Ivan Egericg Krasnujin, periodista mediocre, vuelve a casa de mal
humor, grave y pensativo. Al verle, se diría que espera la visita de los
gendarmes o que ha pensado suicidarse.
Es más de media noche.
Krasnujin se pasea largo rato a través de la estancia, se detiene luego y pronuncia, con tono trágico, el monólogo siguiente:
—Estoy deshecho, mi alma está fatigada, mi cerebro está lleno de
ideas negras; pero, con todo, cueste lo que cueste, tengo que escribir.

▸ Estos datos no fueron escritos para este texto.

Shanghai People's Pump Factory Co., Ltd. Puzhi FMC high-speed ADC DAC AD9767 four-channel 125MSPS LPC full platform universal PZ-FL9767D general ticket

¡Y esto se llama vida! Nadie ha descrito aún el estado de alma de un
escritor que debe divertir al vulgo, cuando tiene ganas de llorar, o
compungirle, cuando tiene ganas de reír. El público me exige que sea
frívolo, ingenioso, indiferente. Pero, ¿y si no puedo serlo? Supongamos
que estoy enfermo, que mi hijo se ha muerto, que mi mujer está de parto,
no importa, estoy obligado a divertir al publico...
Luego, se dirige al dormitorio y despierta a su mujer.
—Nadia— dice—, voy a escribir. Que nadie me moleste. Es imposible
escribir cuando los niños lloran o ronca la criada. Además necesito té y
un bisté o cualquier otra cosa; pero, sobre todo, té; ya sabes que sin
té no puedo escribir. Es lo único que me estimula, que me entona.
De nuevo en su gabinete, se quita la americana, el chaleco y las
botas con extremada lentitud. Luego con expresión de inocencia
ultrajada, se sienta ante su mesa de trabajo. Cuanto hay sobre ella,
hasta la más insignificante bagatela está dispuesto, con arreglo a un
plan preconcebido, en el mayor orden. Se ven allí pequeños bustos y
retratos de escritores insignes, un montón de borradores, un volumen
abierto, de Tolstoi, un hueso humano que sirve de cenicero, un periódico
colocado de modo que se vea la inscripción que Krasnujin ha hecho en él
con lápiz azul, y que consiste en dos palabras: «|Qué vileza!»